Exercise goal — When you reach the line with "Wooden easels with" in the records below, begin transcribing exactly and continue up to and including the line with "Heart-shaped floral wreath", leaving out every picture.
*** Records for the task ***
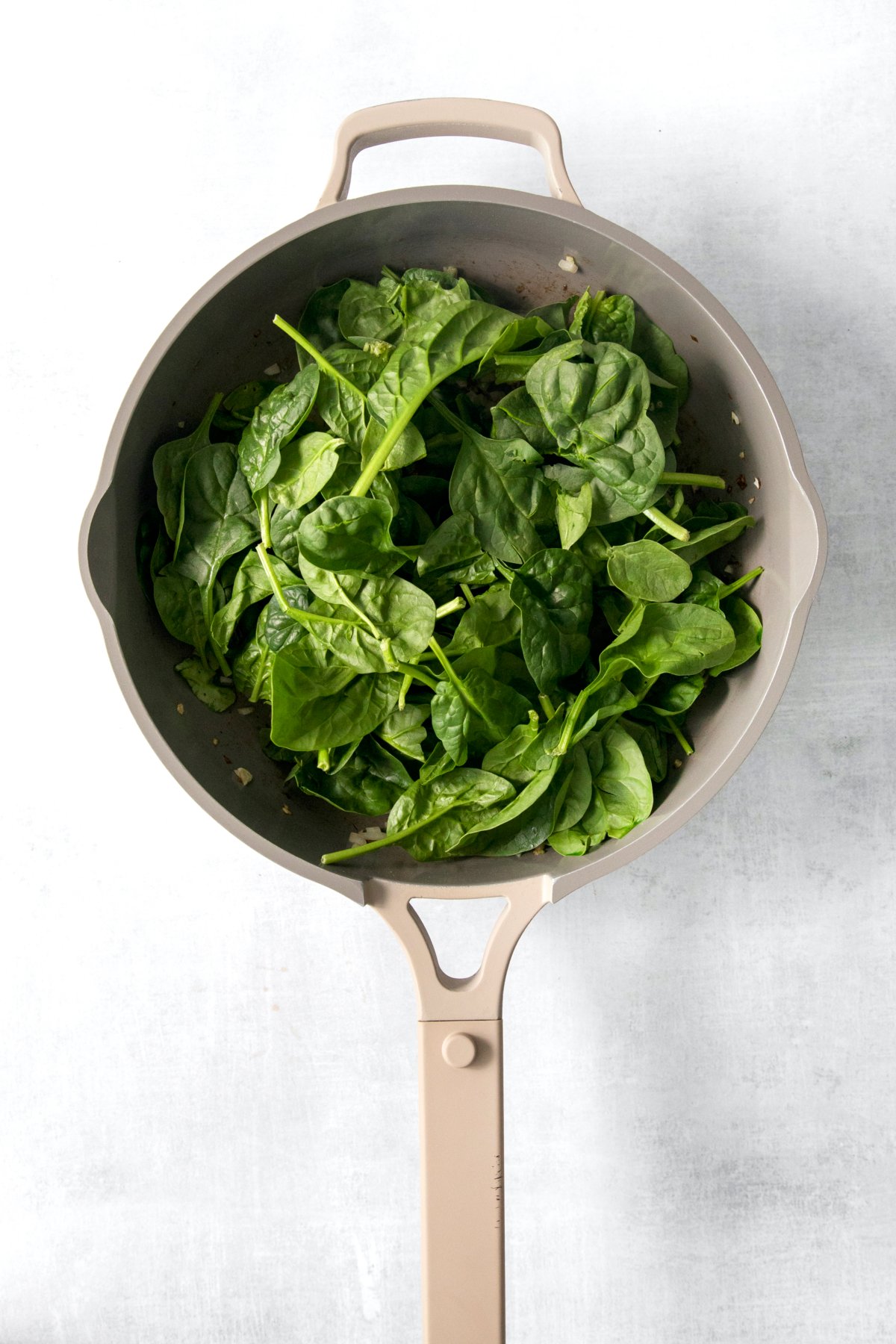 fresh spinach in a skillet.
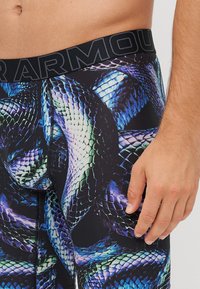 Collants avec un motif vibrant d'écailles de serpent dans des teintes de bleu et de vert, dotés d'une taille élastique noire affichant "ARMOUR" en lettres majuscules.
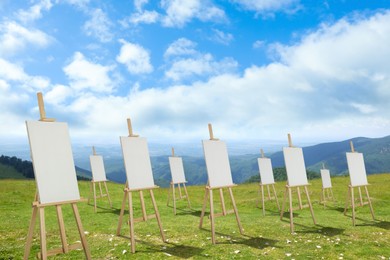 Wooden easels with blank canvases in mountains on sunny day 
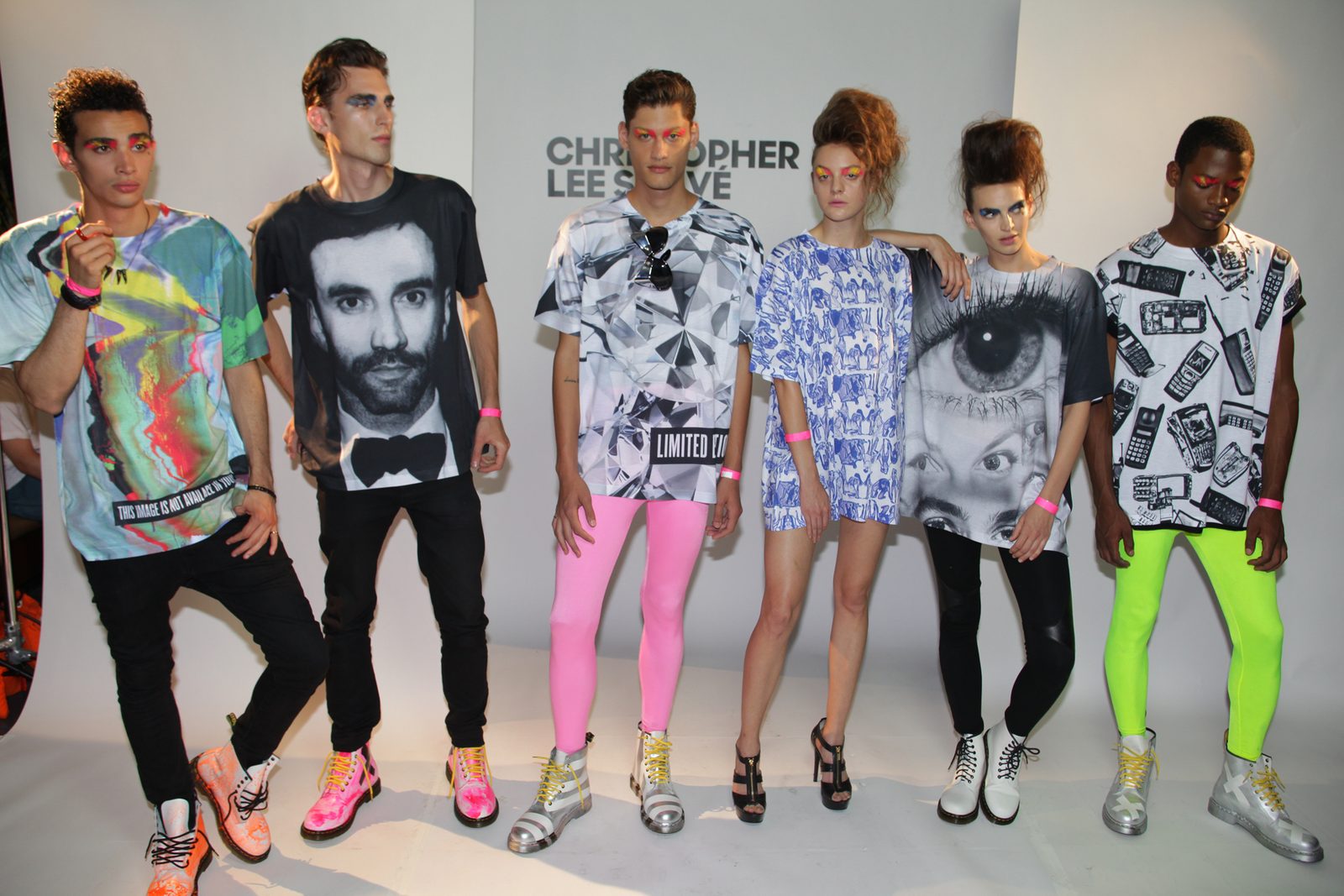 Lineup in printed tees and pink tights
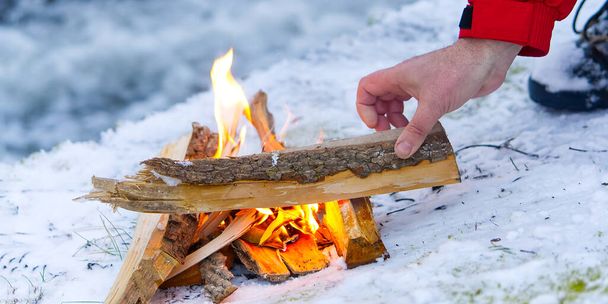 cozy fire on the river bank in winter. small warm bonfire in winter time. campfire by the river on snow an winter season - Photo, Image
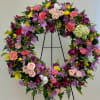 Heart-shaped floral wreath with pink, purple, yellow, and white blooms on a black stand
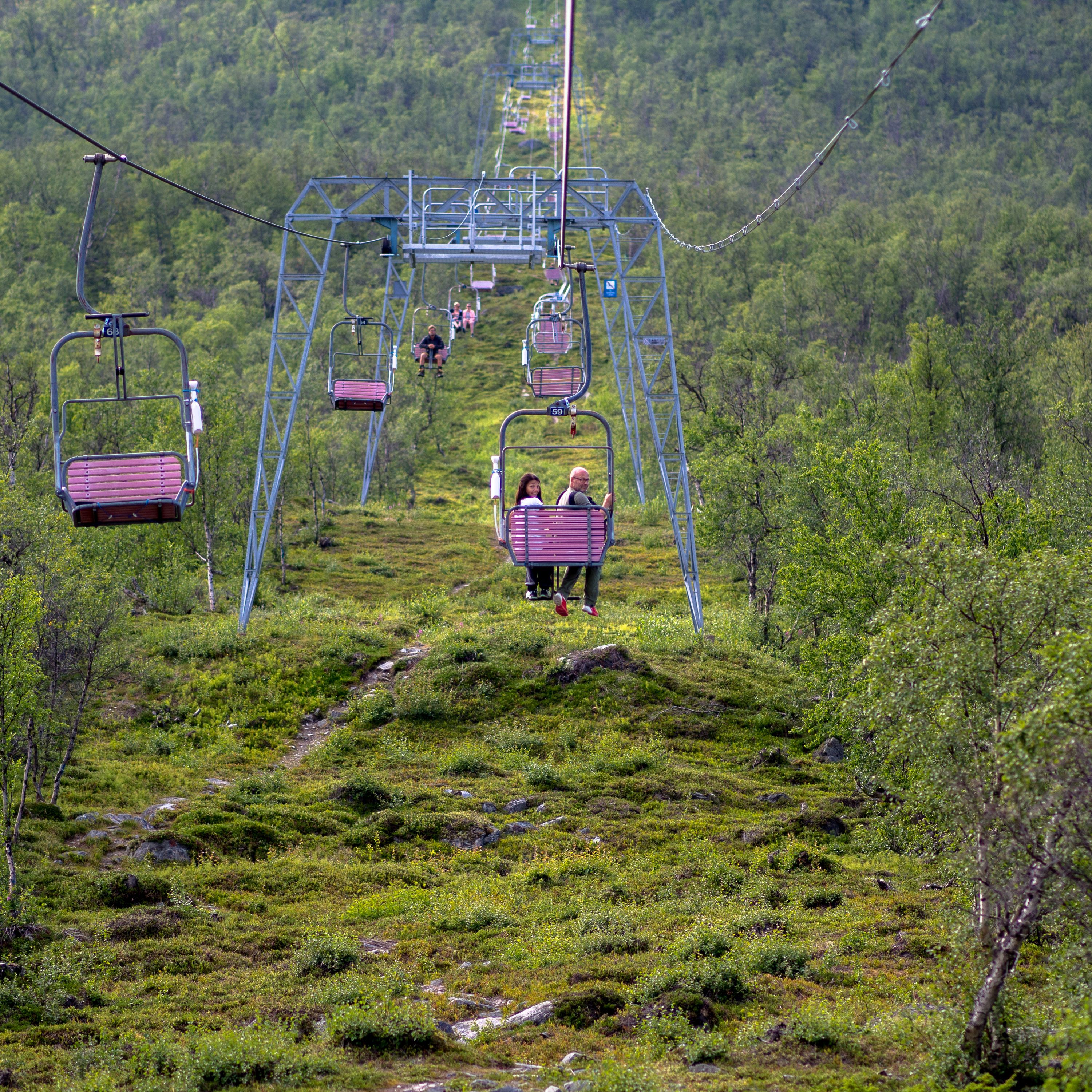 En linbana som går upp mot ett fjäll. Mitt i bild är det en stol med två personer som vänt på sig och tittar rakt in i kameran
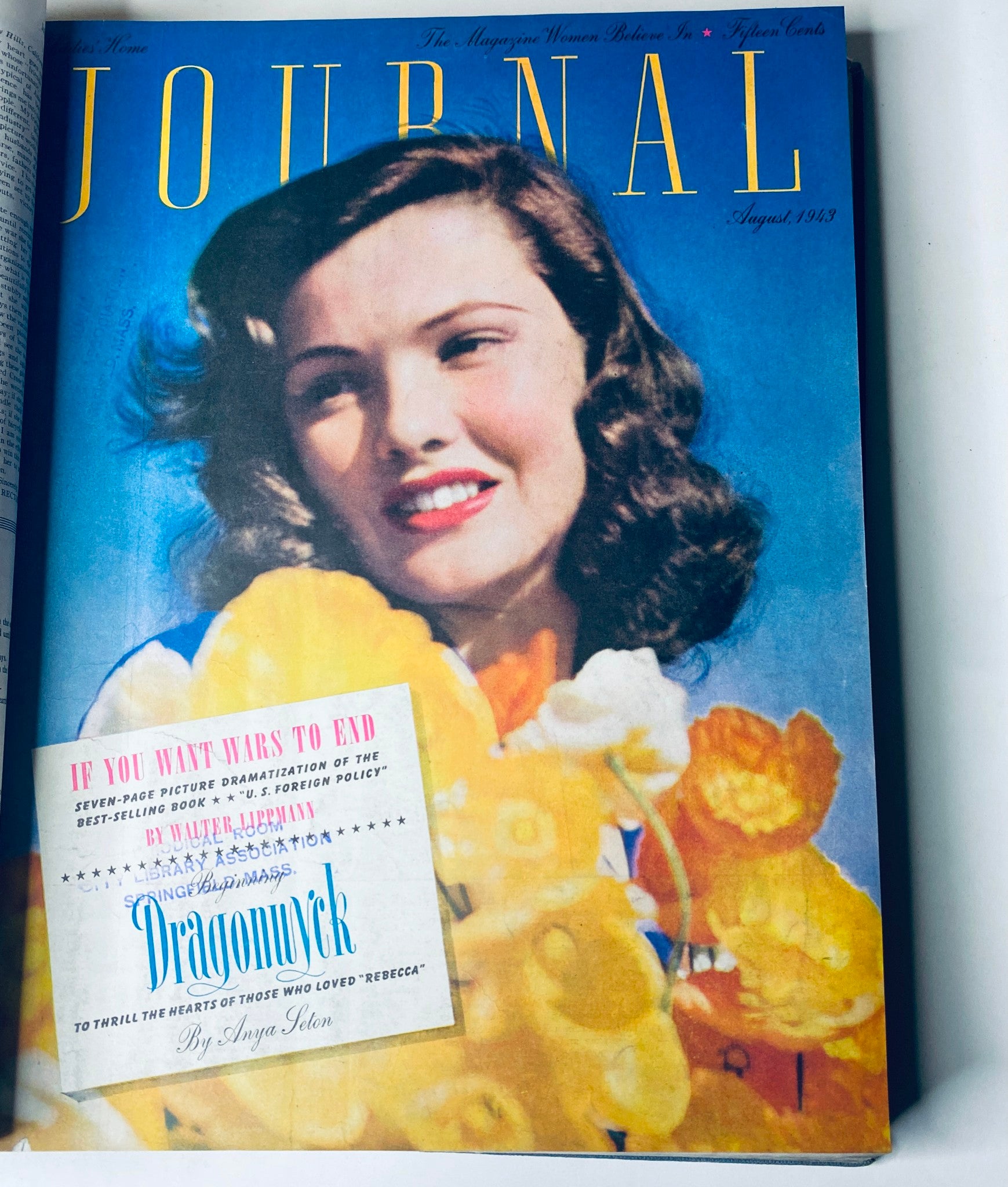 Cover of Ladies' Home Journal, August 1943 edition, showcasing a woman smiling while holding flowers, promoting 'Dragonwyck' by Anya Seaton.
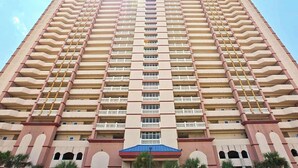 A high-rise hotel with multiple balconies and a central entrance. - 12th-floor, waterfront condo with pools, grills & fitness center (Panama City Beach)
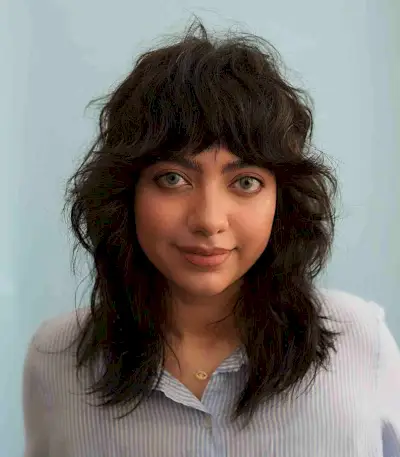 Beautiful Mid-Length Cut with Full Curtain Bangs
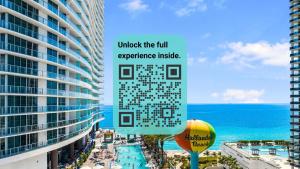 a sign in front of a building next to the ocean at Gorgeous Views Await in Your Beachfront Condo in Hollywood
*** End of Records for the task ***
Written reply —
 Wooden easels with blank canvases in mountains on sunny day 
 Lineup in printed tees and pink tights
 cozy fire on the river bank in winter. small warm bonfire in winter time. campfire by the river on snow an winter season - Photo, Image
 Heart-shaped floral wreath with pink, purple, yellow, and white blooms on a black stand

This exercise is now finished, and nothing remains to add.